■ **WORK REQUIRED**
Write out again only the lines between the one with "Now we will log" and the end of the records below, both ends counted, and don't include the pictures.

_ _ _ _ _ _ _

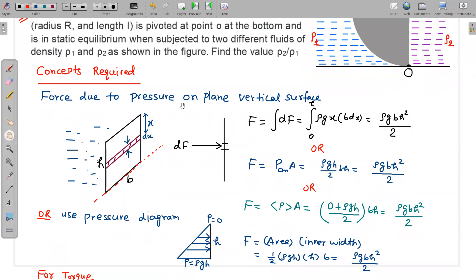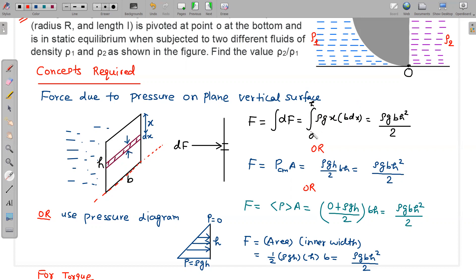The first concept required is the force due to pressure on a plane vertical surface. If there is a plane surface with liquid on one side, a pressure force acts on the wall. One method: take a rectangular strip of width b and height dx at depth x. Then dF = ρgx · (b·dx). Integrate from 0 to h to get the total force F = ρgbh²/2.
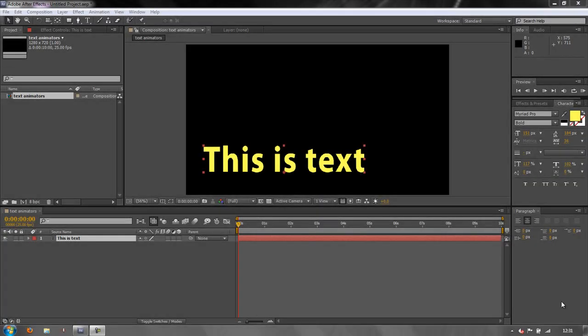Hello and welcome to this After Effects Basics tutorial in which we're going to carry on looking at text and start looking at animators in After Effects.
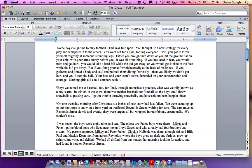Boys welcomed me at baseball, too, for I had, through enthusiastic practice, what was weirdly known as a boy's arm. In winter, in the snow, there was neither baseball nor football, so the boys and I threw snowballs at passing cars. I got in trouble throwing snowballs and have seldom been happier since.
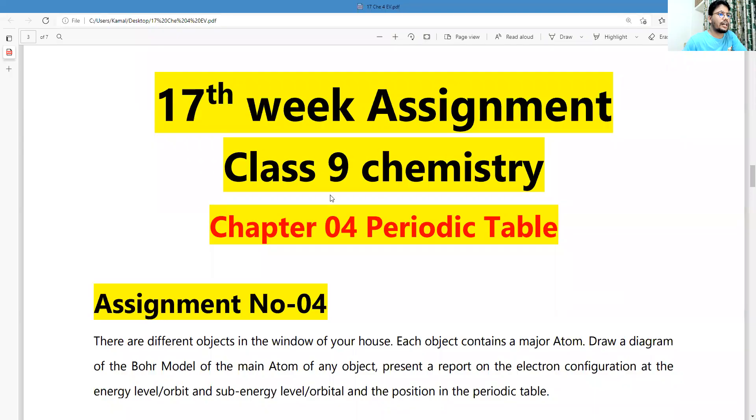Let's see what is the question first. This is the assignment from chapter four, the predictable assignment number four.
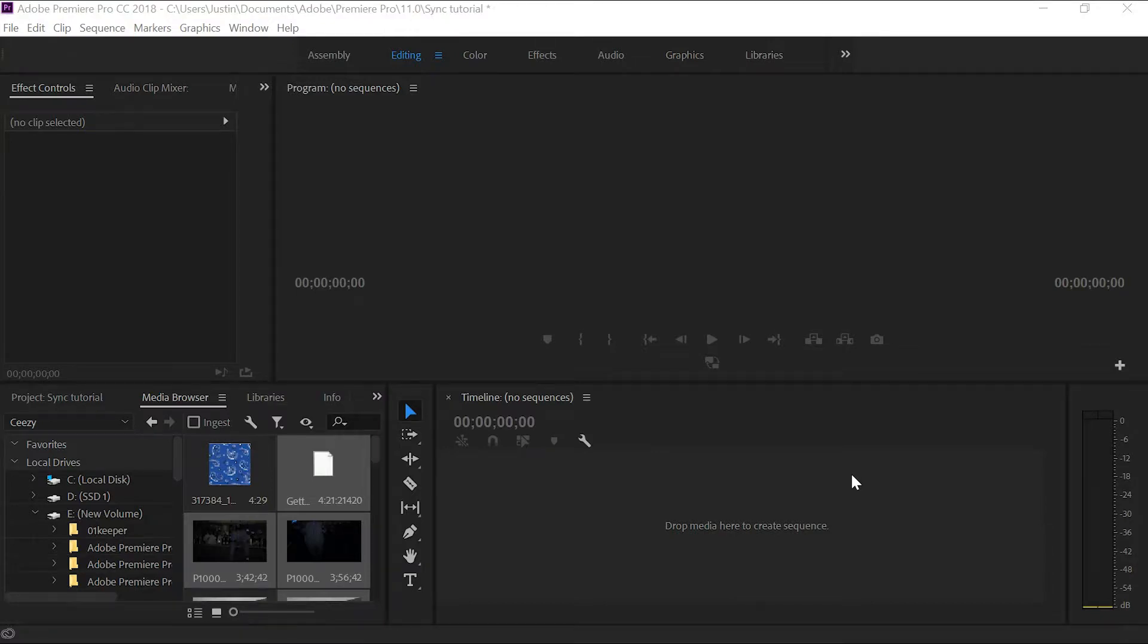Hey, what's up guys? I'm going to show you a quick tutorial here on how to sync your music video along with the audio track. Let's get right into it.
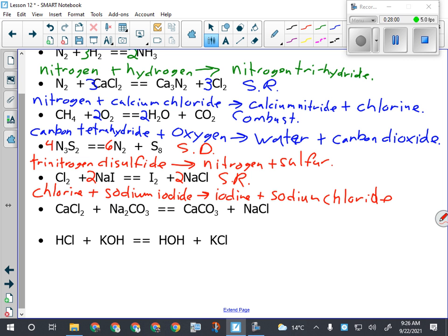Writing this one out in words: chlorine plus sodium iodide gives iodine plus sodium chloride. Just so you're aware, this is the easiest of the ways you could be asked a reaction question - you're given the actual chemical equation, everything has already been dropped and swapped, any special elements have already been identified. It's much different if I give you the word equation and ask you to write out the actual chemical equation, because then you have to remember if it's a special element, drop and swap the ionic compounds, get the prefixes right, and all of that.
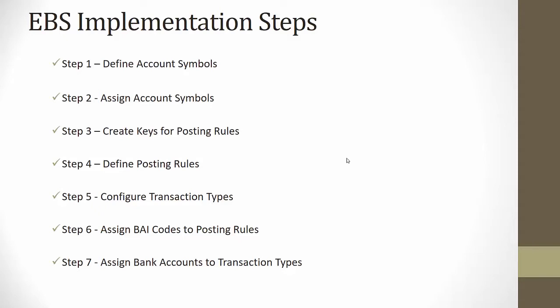Now we will log into the SAP ERP system and configure each of these steps in SAP for our EBS.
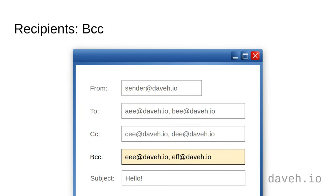The bcc field is similar to cc, but recipients in here cannot be seen by other recipients of the email in any of the to, cc, or bcc fields.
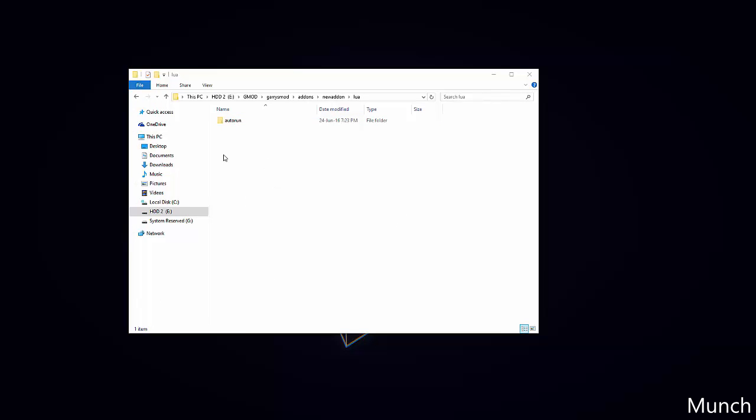Now in part 2 of this tutorial, we will be adding our Lua files, the initial ones we are going to be using for creating our add-on. In that part, we will also cover what the autorun folder's purpose is. Until then, check out the links in the description for more help and tutorials. Thank you.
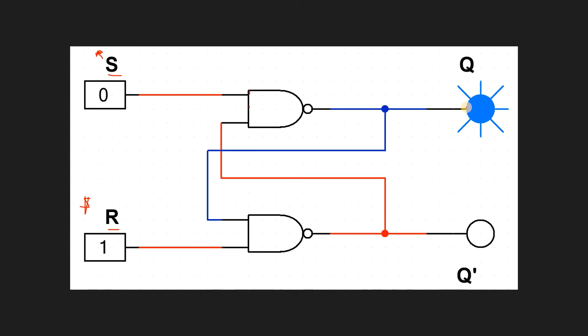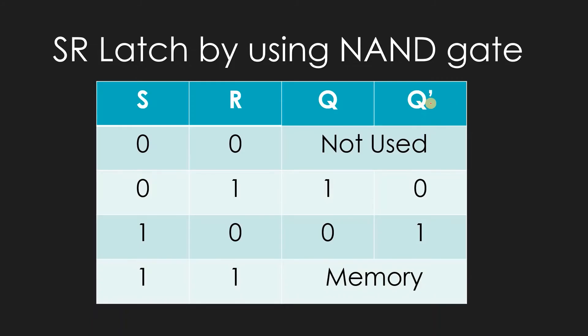If you see, when S was 0 and R was 0 for NOR gate, we used to get memory, but now we will get not used. And the same thing: when R equals to 1, Q is going to be 1; when S equals to 1, Q bar is going to be 1.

_ _ _ _ _ _ _

■ **SOLUTION BELOW**
Now we will log into the SAP ERP system and configure each of these steps in SAP for our EBS.
The bcc field is similar to cc, but recipients in here cannot be seen by other recipients of the email in any of the to, cc, or bcc fields.
Now in part 2 of this tutorial, we will be adding our Lua files, the initial ones we are going to be using for creating our add-on. In that part, we will also cover what the autorun folder's purpose is. Until then, check out the links in the description for more help and tutorials. Thank you.
If you see, when S was 0 and R was 0 for NOR gate, we used to get memory, but now we will get not used. And the same thing: when R equals to 1, Q is going to be 1; when S equals to 1, Q bar is going to be 1.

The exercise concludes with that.